Task brief: Leaving out pictures, output exactly the lines below from the one that has "LEMON GRASS 1.22" through the one that has "English Worksheet: Positive", and nothing else.

##### Records shown #####

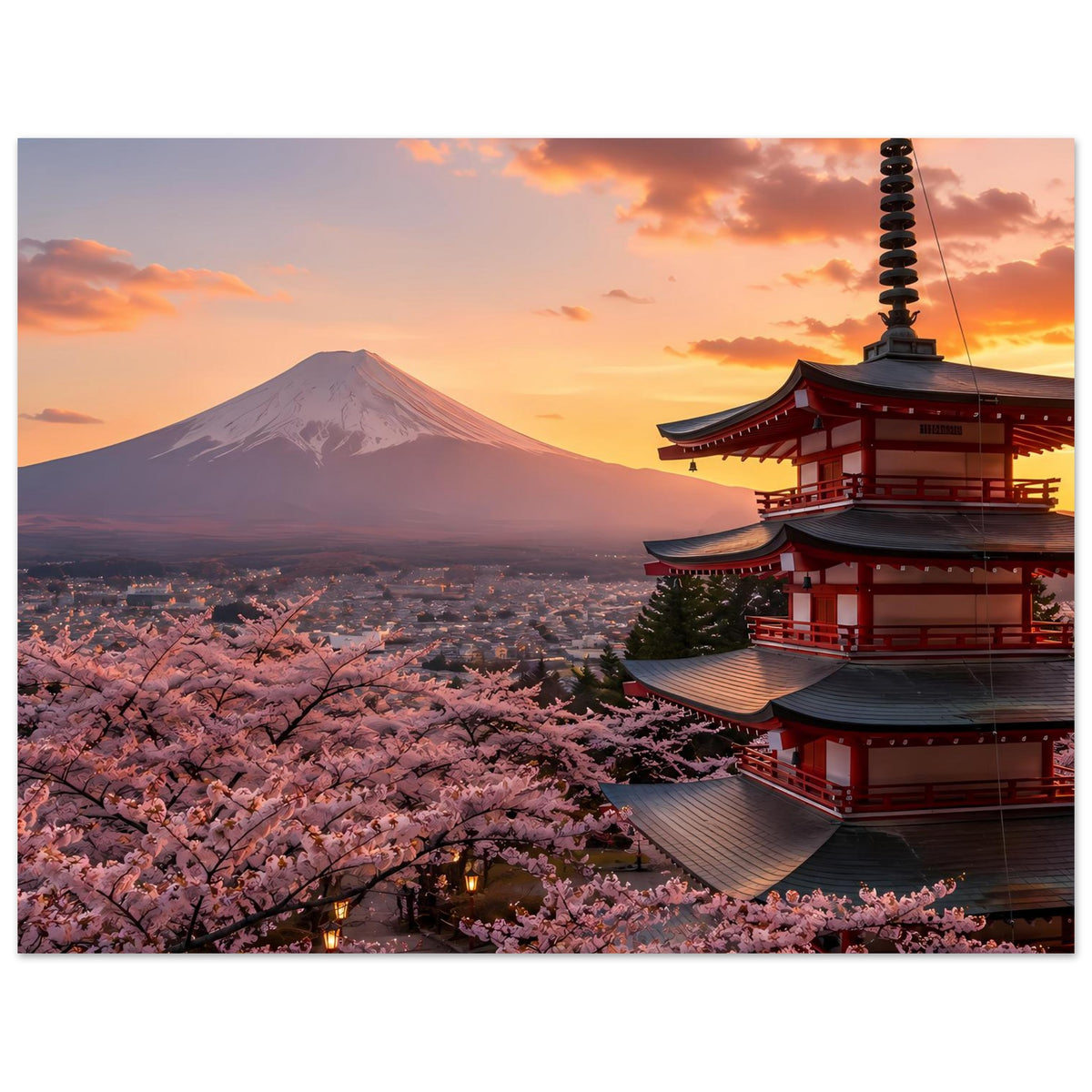 Japanisches Sonnenuntergang-Poster im Hochformat mit Kirschblüten, Mount Fuji und roter Pagode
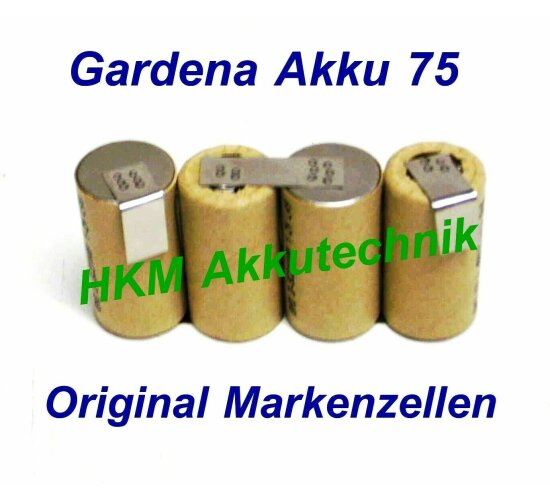 GARDENA Accu 75 Akku 4,8V 1,5 Ah NiCd Markenzellen  f&uuml;r Original Lader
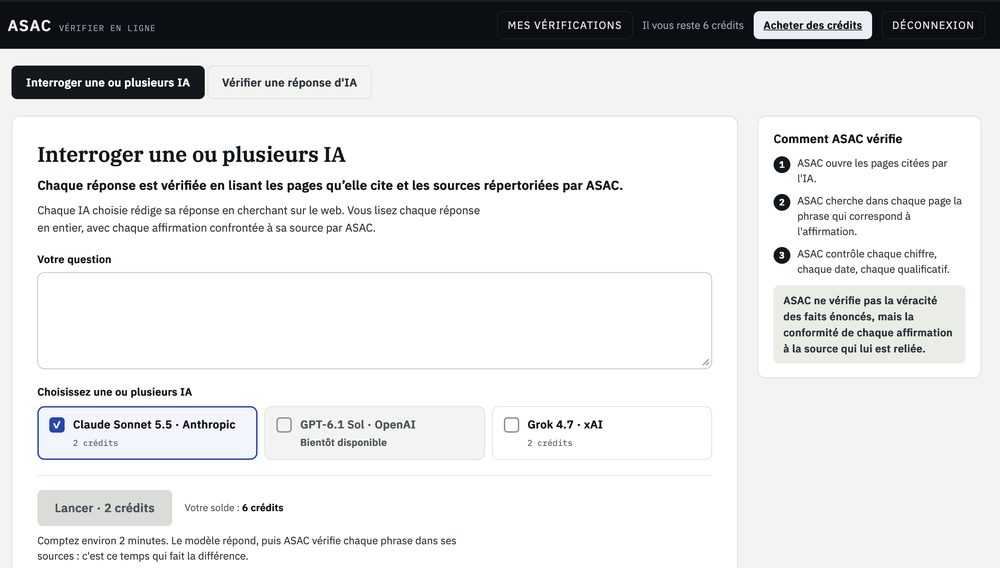 Page Vérifier en ligne d'ASAC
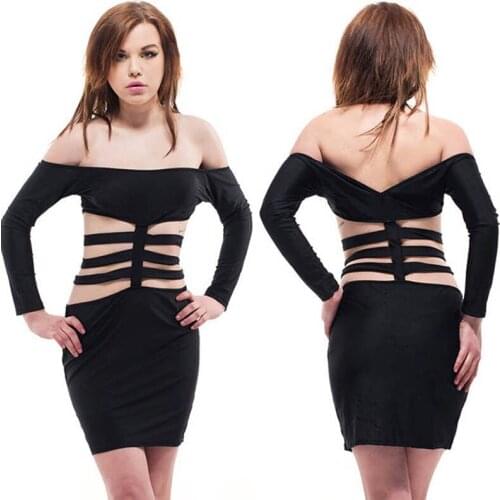 Women Black Bandage Dress Bodycon 2019 New Arrivals Sexy Cut Out Slash Neck Long Sleeve Hollow Out Backless Party Mini Dress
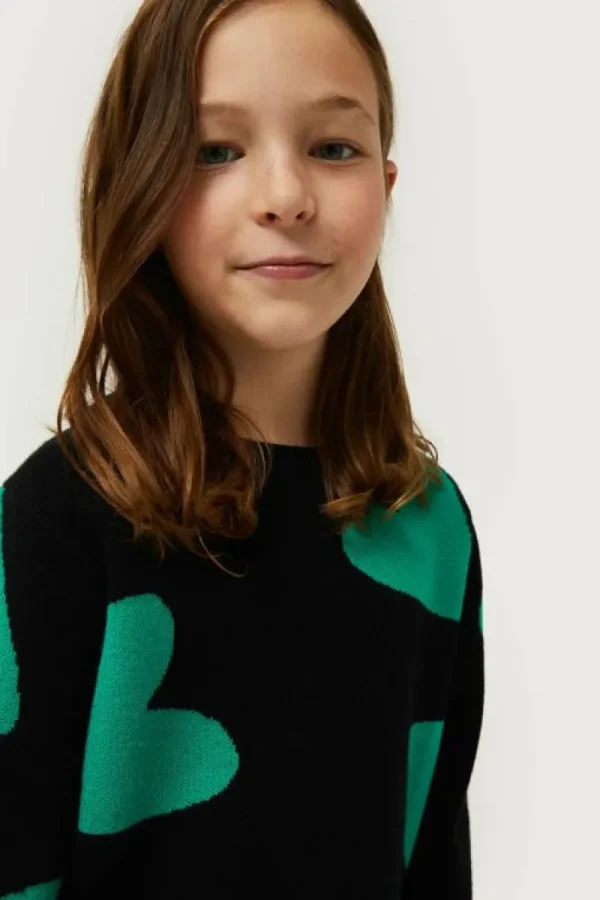 Jersey de niña estampado de corazones negro-MINI Cheap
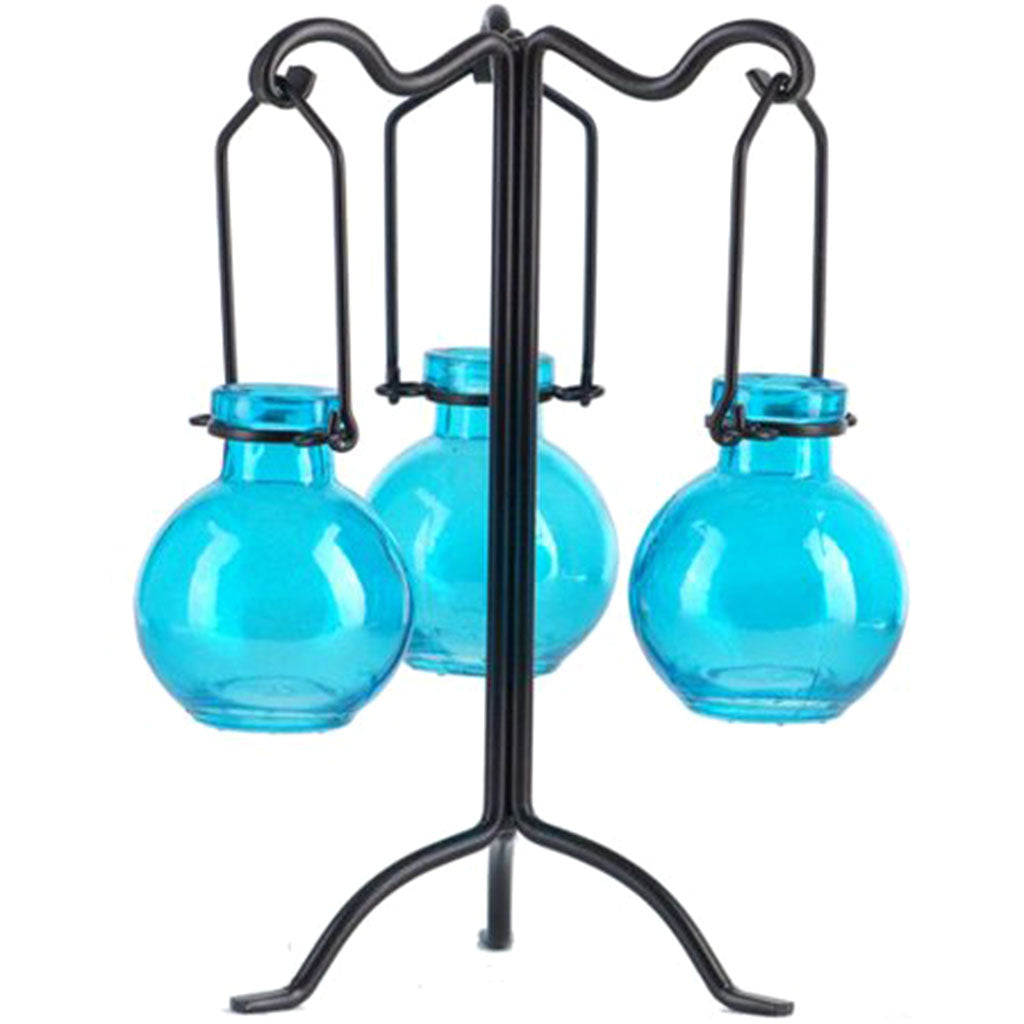 Tripled Branches Stand with Hanging Glass Bottle, Aqua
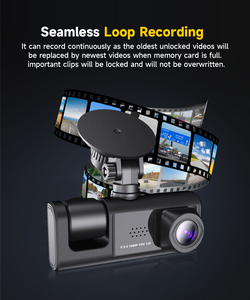 Super Night Vision Dash Cam Hidden Car Dual Dash <strong>Camera</strong> 1080p Hd Dvr Usb Car Dashboard <strong>Camera</strong> <strong>With</strong> G-<strong>sensor</strong> Wdr <strong>Parking</strong> Monitor - Product Image 5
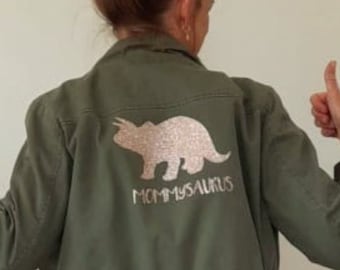 Mamamysaurus Eisen auf Aufkleber, Mama Dinosaurier Wärmeübertragung Patch, Mama Shirt Applikationen, Glitzer Htv Transfers, Mamasaurus diy Shirt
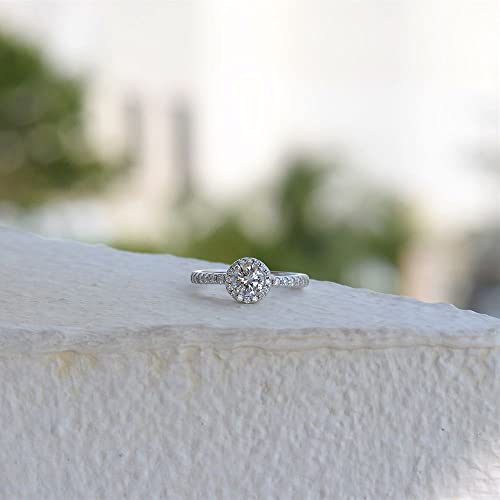 LEMON GRASS 1.22 Ct Round Halo Diamond Engagement Ring with Pave Band in Sterling Silver Clear Cubic Zirconia Stone Size 6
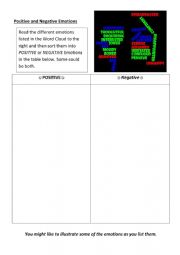 English Worksheet: Positive and Negative Emotions1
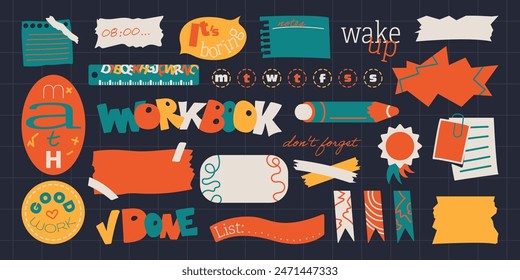 Set of simple school stickers. Various paper notes, phrases, bookmarks and pieces of note paper. Set of shapes and trend elements.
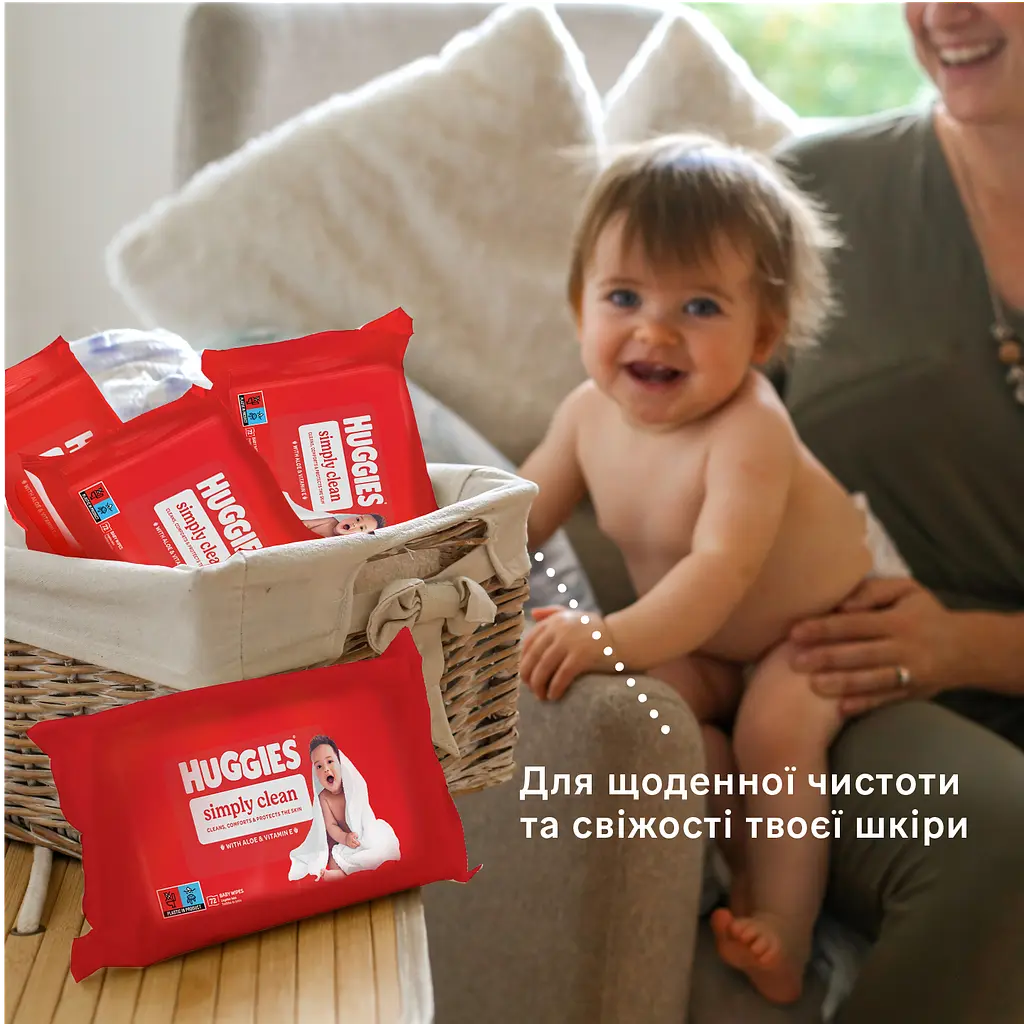 Набір вологих серветок Huggies Simply Clean 720 шт. (10 уп. х 72 шт.) - фото 12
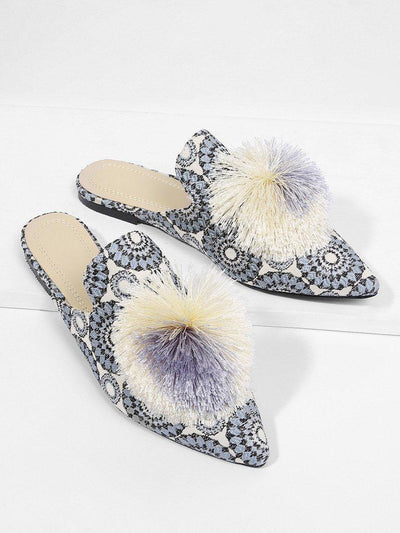 Pom Pom Decorated Flats-shoes-Des Mess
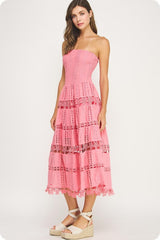 The Harper Eyelet Lace Tube Dress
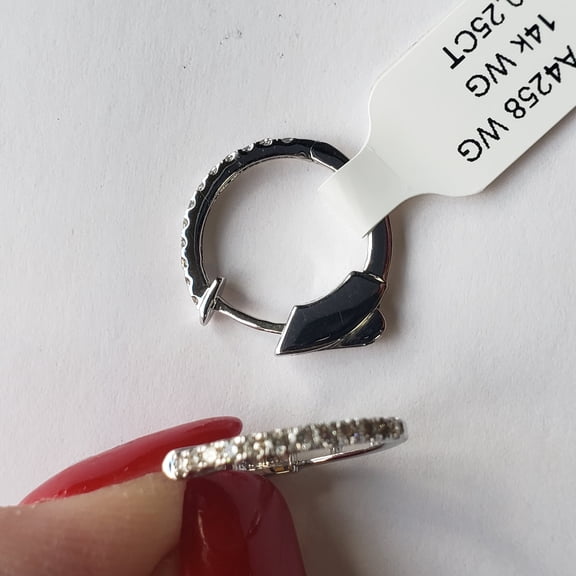 Diana M 14Kt White Gold Diamond Half-Way Round Hoop Earrings With 0.25 Cts Tw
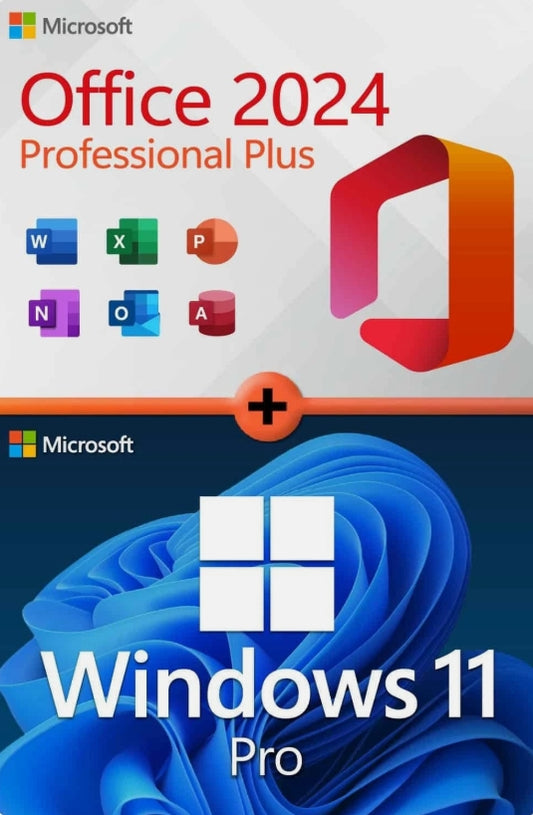 Genuine Windows 11 Professional + MS Office Professional Plus 2024 Bundle on USB A+C Media.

#####

Answer for this exercise:
 LEMON GRASS 1.22 Ct Round Halo Diamond Engagement Ring with Pave Band in Sterling Silver Clear Cubic Zirconia Stone Size 6
 English Worksheet: Positive and Negative Emotions1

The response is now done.